We compare the **within-subject change** in each group separately,
and then compare the **change between groups**.

In [None]:
from scipy.stats import ttest_rel, ttest_ind

df['change'] = df['sbp_post'] - df['sbp_pre']
control_change = df[df['group'] == 0]['change']
intervention_change = df[df['group'] == 1]['change']

# Paired t-tests within each group
t_ctrl, p_ctrl = ttest_rel(df[df['group'] == 0]['sbp_post'], df[df['group'] == 0]['sbp_pre'])
t_int, p_int = ttest_rel(df[df['group'] == 1]['sbp_post'], df[df['group'] == 1]['sbp_pre'])

# Independent t-test of changes
t_diff, p_diff = ttest_ind(intervention_change, control_change)

print("Within-group change:")
print(f"  Control: t = {t_ctrl:.2f}, p = {p_ctrl:.3f}")
print(f"  Intervention: t = {t_int:.2f}, p = {p_int:.3f}")
print("\nBetween-group difference in change:")
print(f"  t = {t_diff:.2f}, p = {p_diff:.3f}")

## 🧠 Step 4: Bayesian Analysis of Change

We now use a Bayesian approach to compare **change in SBP** between groups, using the same logic as before.

This time we model the difference in **change** scores.

In [None]:
import pymc as pm
import arviz as az

with pm.Model() as model:
    mu = pm.Normal('mu', mu=0, sigma=10, shape=2)  # One mean for each group
    sigma = pm.HalfNormal('sigma', sigma=5)
    y_obs = pm.Normal('y_obs', mu=mu[df['group']], sigma=sigma, observed=df['change'])
    diff = pm.Deterministic('diff', mu[1] - mu[0])
    trace = pm.sample(1000, tune=1000, return_inferencedata=True)

az.plot_posterior(trace, var_names=['diff'], ref_val=0)
plt.title("Posterior Difference in SBP Change")
plt.show()

posterior_diff = trace.posterior['diff'].values.flatten()
posterior_mean = posterior_diff.mean()
hdi = az.hdi(posterior_diff, hdi_prob=0.95)

print(f"Posterior mean difference: {posterior_mean:.2f} mmHg")
print(f"95% HDI: [{hdi[0]:.2f}, {hdi[1]:.2f}]")

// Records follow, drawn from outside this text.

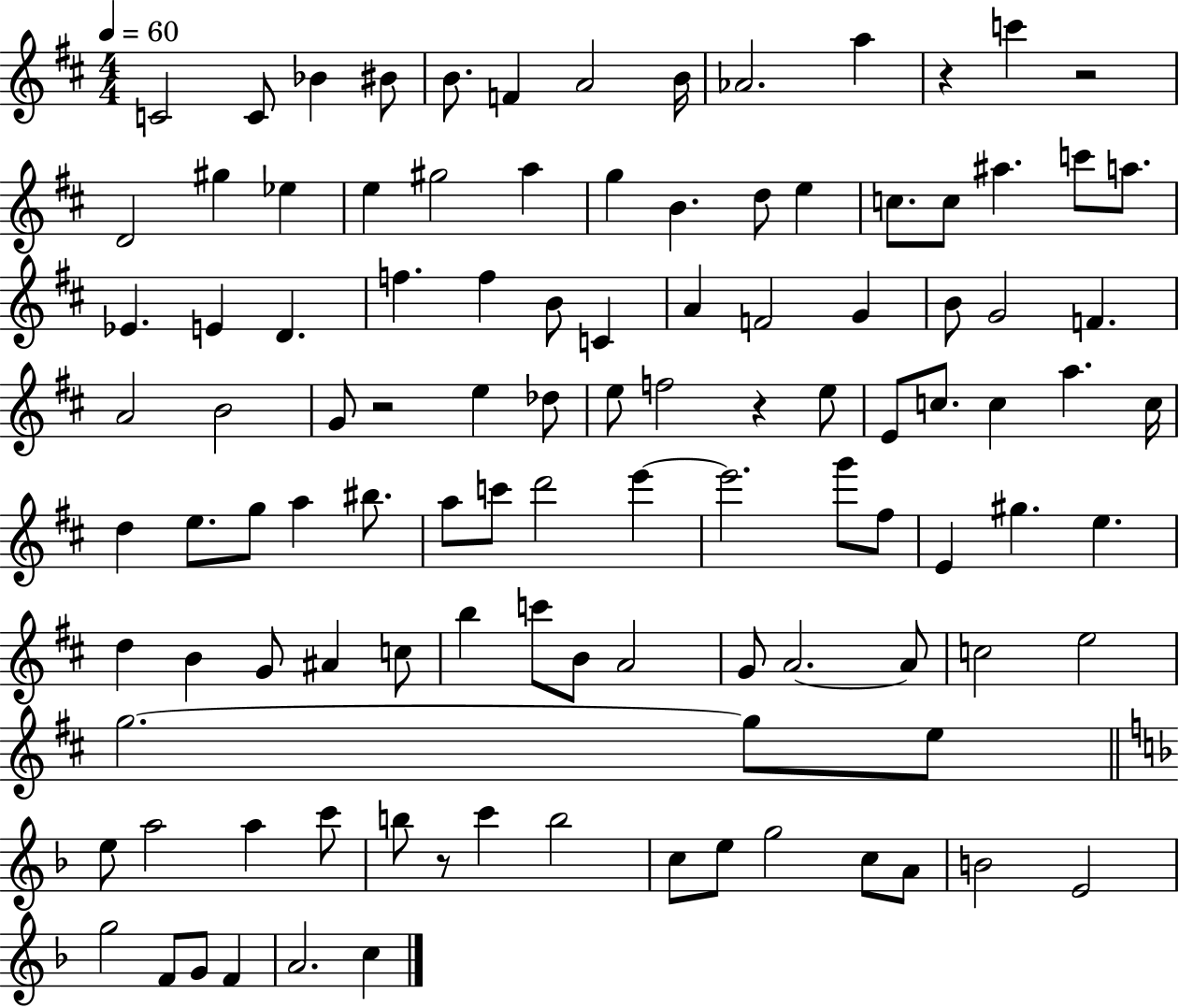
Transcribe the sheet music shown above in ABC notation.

X:1
T:Untitled
M:4/4
L:1/4
K:D
C2 C/2 _B ^B/2 B/2 F A2 B/4 _A2 a z c' z2 D2 ^g _e e ^g2 a g B d/2 e c/2 c/2 ^a c'/2 a/2 _E E D f f B/2 C A F2 G B/2 G2 F A2 B2 G/2 z2 e _d/2 e/2 f2 z e/2 E/2 c/2 c a c/4 d e/2 g/2 a ^b/2 a/2 c'/2 d'2 e' e'2 g'/2 ^f/2 E ^g e d B G/2 ^A c/2 b c'/2 B/2 A2 G/2 A2 A/2 c2 e2 g2 g/2 e/2 e/2 a2 a c'/2 b/2 z/2 c' b2 c/2 e/2 g2 c/2 A/2 B2 E2 g2 F/2 G/2 F A2 c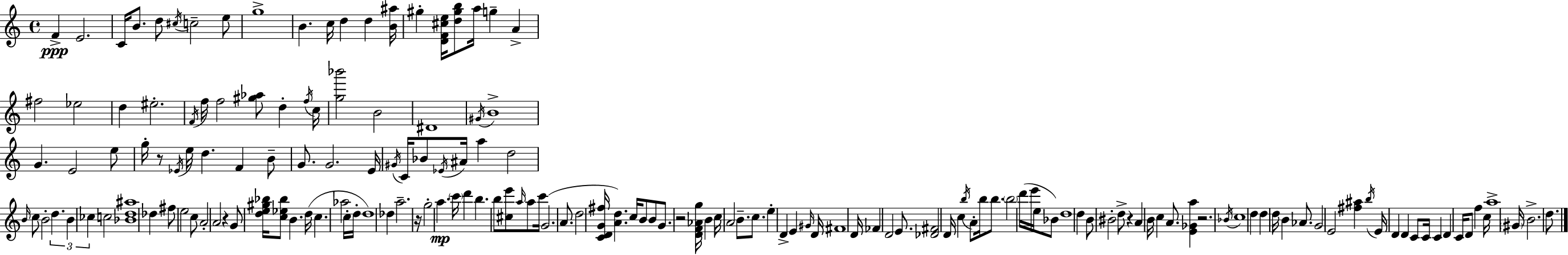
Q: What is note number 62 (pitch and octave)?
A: A4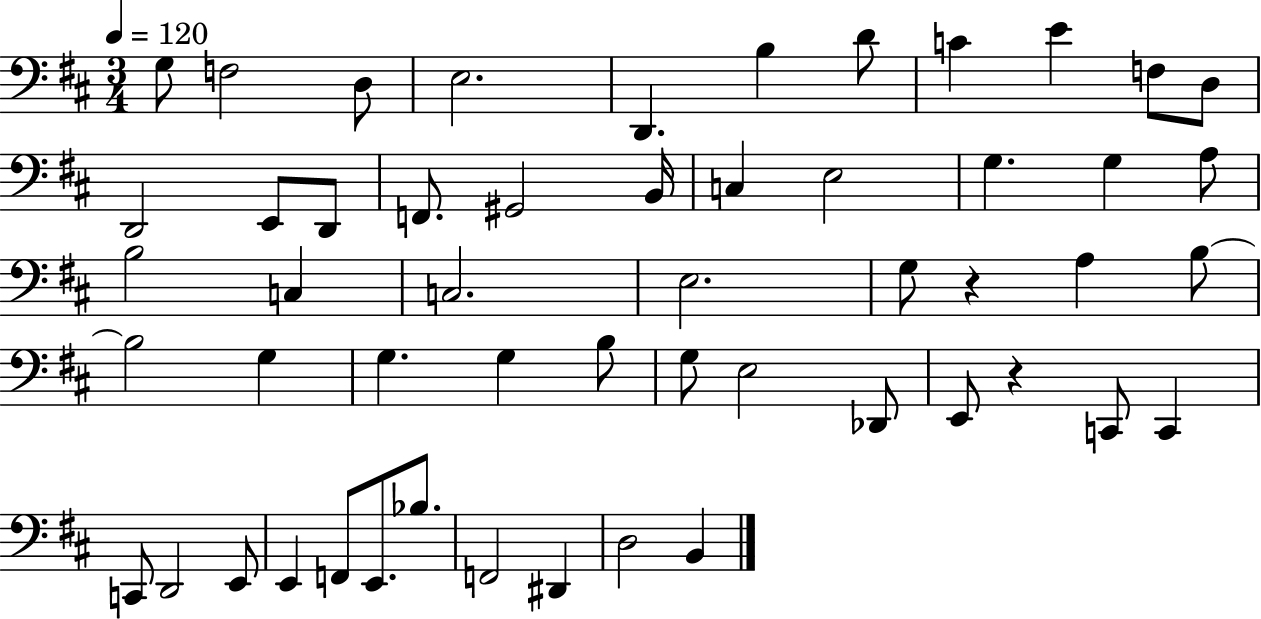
{
  \clef bass
  \numericTimeSignature
  \time 3/4
  \key d \major
  \tempo 4 = 120
  g8 f2 d8 | e2. | d,4. b4 d'8 | c'4 e'4 f8 d8 | \break d,2 e,8 d,8 | f,8. gis,2 b,16 | c4 e2 | g4. g4 a8 | \break b2 c4 | c2. | e2. | g8 r4 a4 b8~~ | \break b2 g4 | g4. g4 b8 | g8 e2 des,8 | e,8 r4 c,8 c,4 | \break c,8 d,2 e,8 | e,4 f,8 e,8. bes8. | f,2 dis,4 | d2 b,4 | \break \bar "|."
}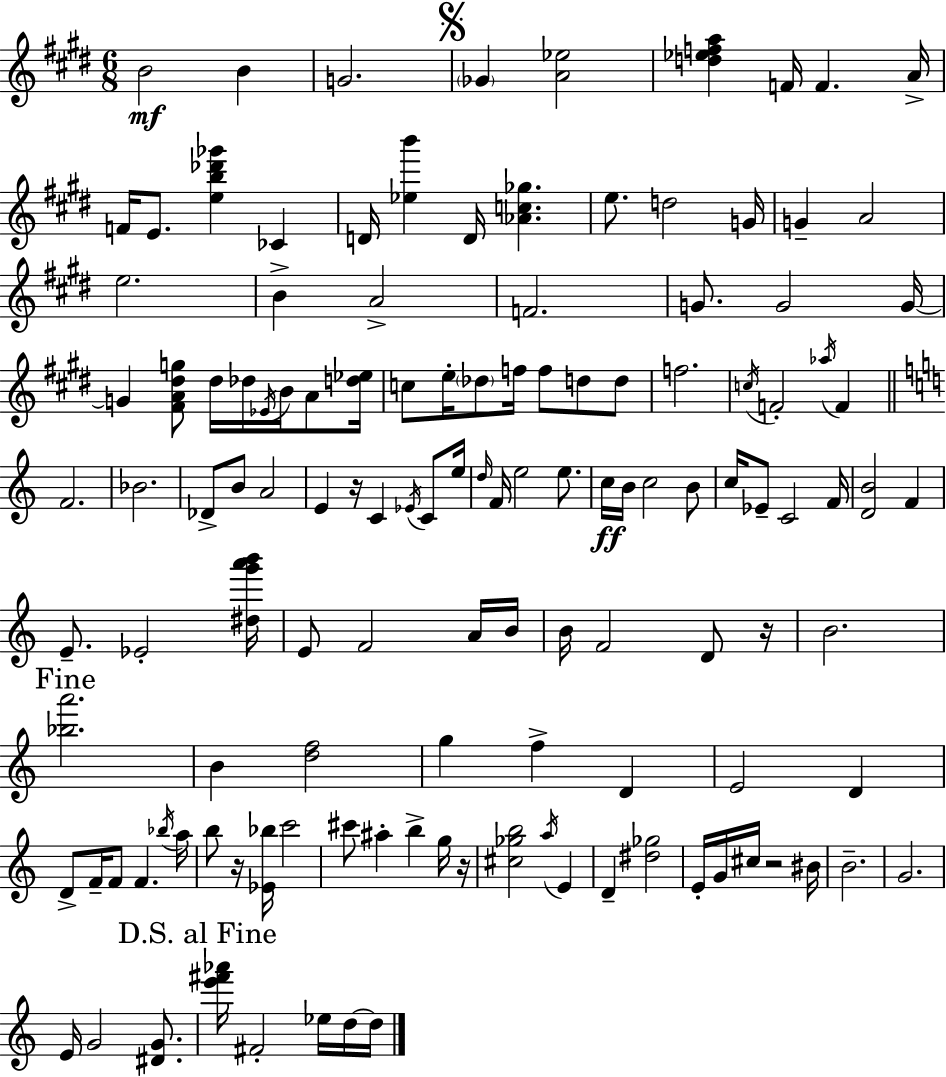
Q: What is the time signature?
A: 6/8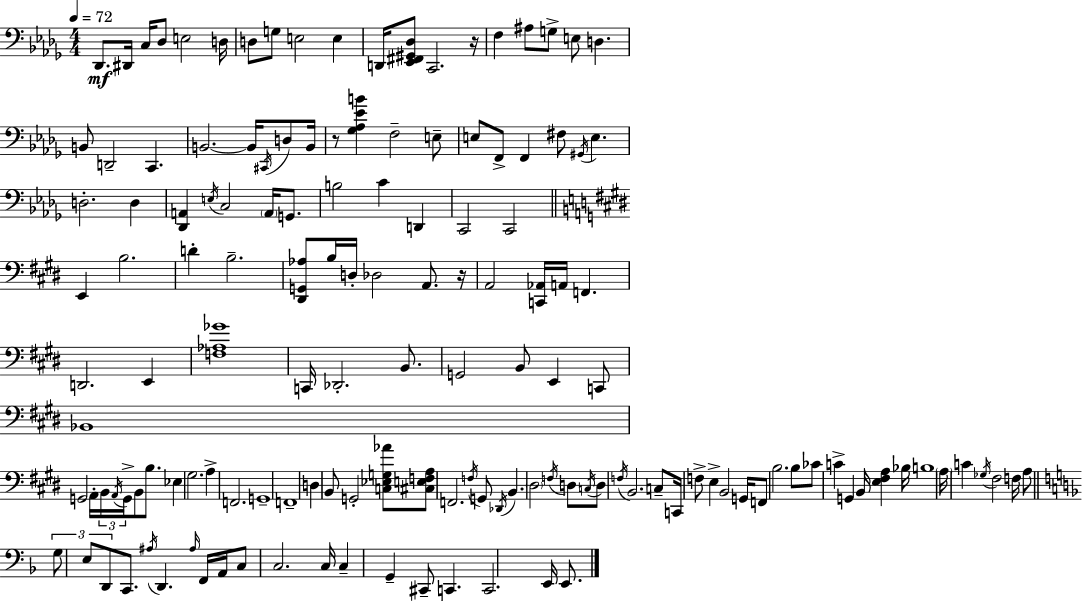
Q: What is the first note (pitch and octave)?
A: Db2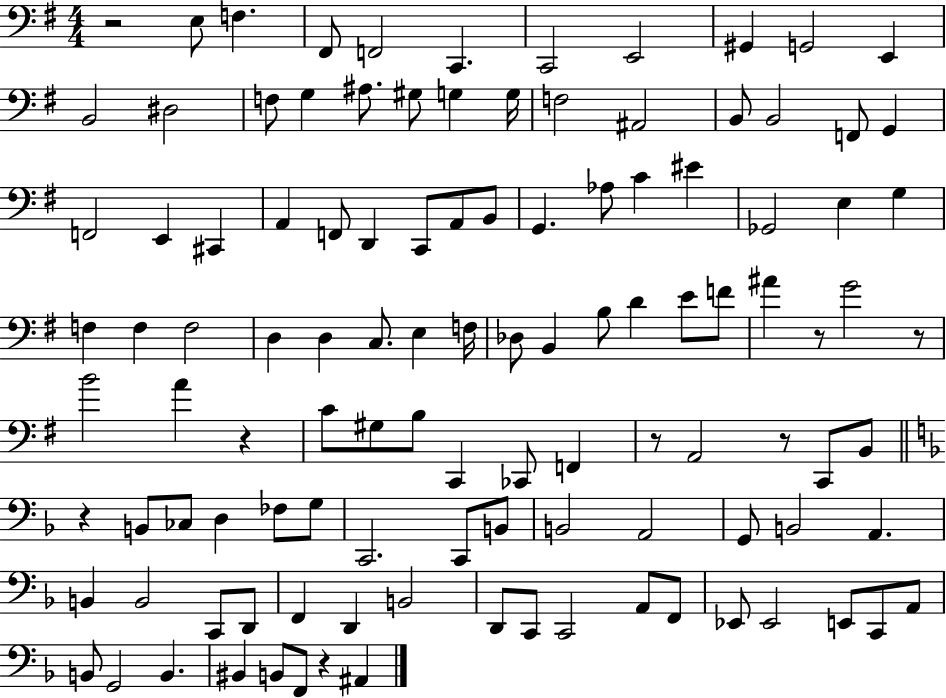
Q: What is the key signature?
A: G major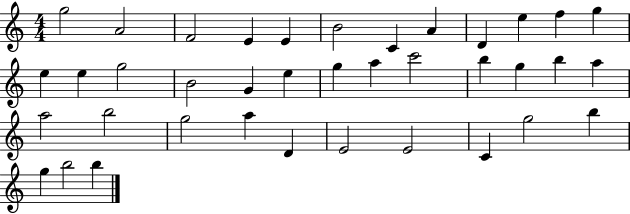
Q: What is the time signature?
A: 4/4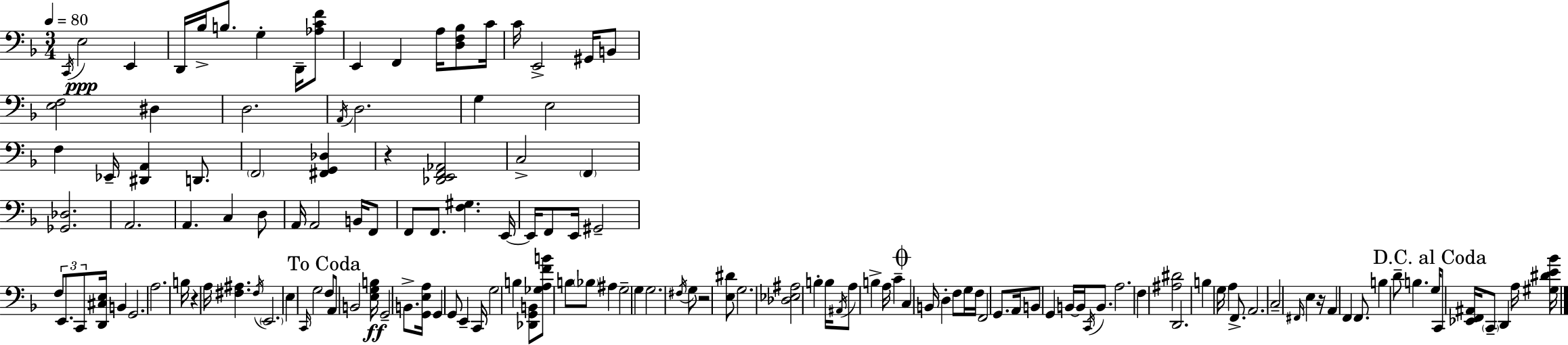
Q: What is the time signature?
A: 3/4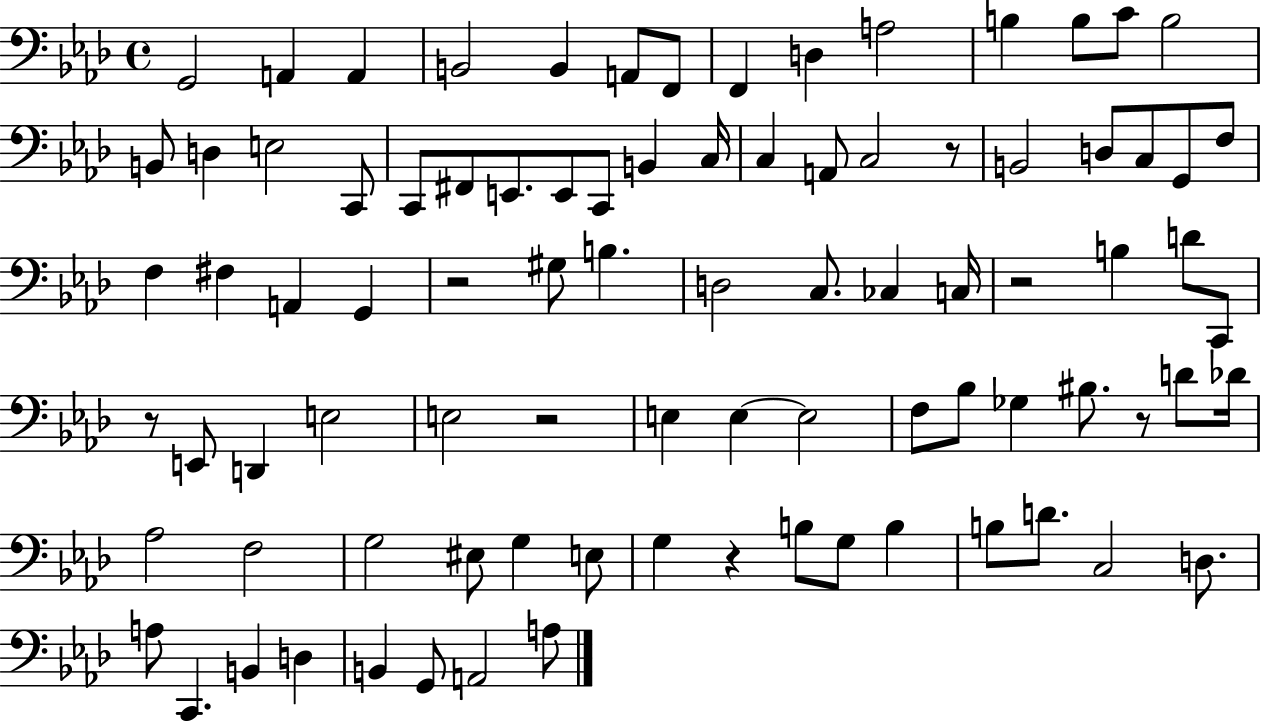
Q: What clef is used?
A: bass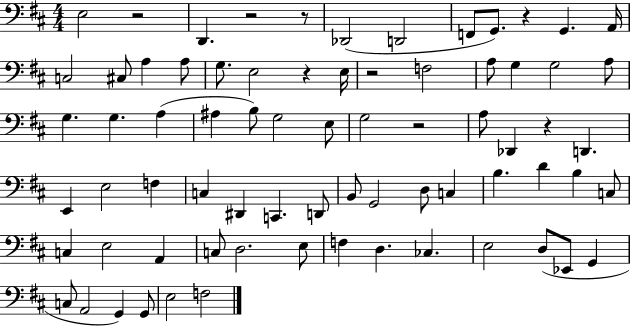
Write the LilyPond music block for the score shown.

{
  \clef bass
  \numericTimeSignature
  \time 4/4
  \key d \major
  e2 r2 | d,4. r2 r8 | des,2( d,2 | f,8 g,8.) r4 g,4. a,16 | \break c2 cis8 a4 a8 | g8. e2 r4 e16 | r2 f2 | a8 g4 g2 a8 | \break g4. g4. a4( | ais4 b8) g2 e8 | g2 r2 | a8 des,4 r4 d,4. | \break e,4 e2 f4 | c4 dis,4 c,4. d,8 | b,8 g,2 d8 c4 | b4. d'4 b4 c8 | \break c4 e2 a,4 | c8 d2. e8 | f4 d4. ces4. | e2 d8( ees,8 g,4 | \break c8 a,2 g,4) g,8 | e2 f2 | \bar "|."
}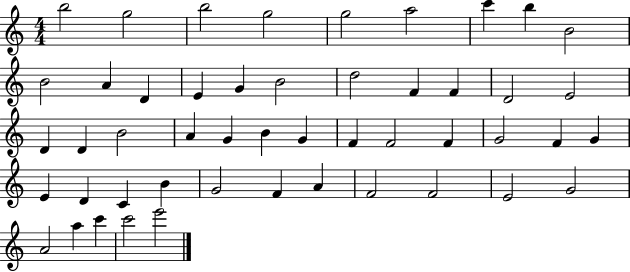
{
  \clef treble
  \numericTimeSignature
  \time 4/4
  \key c \major
  b''2 g''2 | b''2 g''2 | g''2 a''2 | c'''4 b''4 b'2 | \break b'2 a'4 d'4 | e'4 g'4 b'2 | d''2 f'4 f'4 | d'2 e'2 | \break d'4 d'4 b'2 | a'4 g'4 b'4 g'4 | f'4 f'2 f'4 | g'2 f'4 g'4 | \break e'4 d'4 c'4 b'4 | g'2 f'4 a'4 | f'2 f'2 | e'2 g'2 | \break a'2 a''4 c'''4 | c'''2 e'''2 | \bar "|."
}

### 🔁 Step 4b: Visualise Sampling Chains

In [None]:
az.plot_trace(trace, var_names=['diff'])
plt.suptitle("Trace Plot for Posterior Difference", y=1.02)
plt.show()

## ✅ Summary

You have:
- Simulated a pre/post BP trial dataset
- Visualised change by group
- Compared outcomes using paired frequentist and Bayesian methods

**Takeaway**:  
Paired designs reduce noise and can increase power.  
Bayesian methods help understand the magnitude and certainty of change.

---

### 🔁 Optional Exercises
1. Increase the sample size to 200. What happens to the results?
2. Change the intervention effect to -10 mmHg. What do you observe?
3. Model SBP with a hierarchical structure (e.g. clinic-level effects).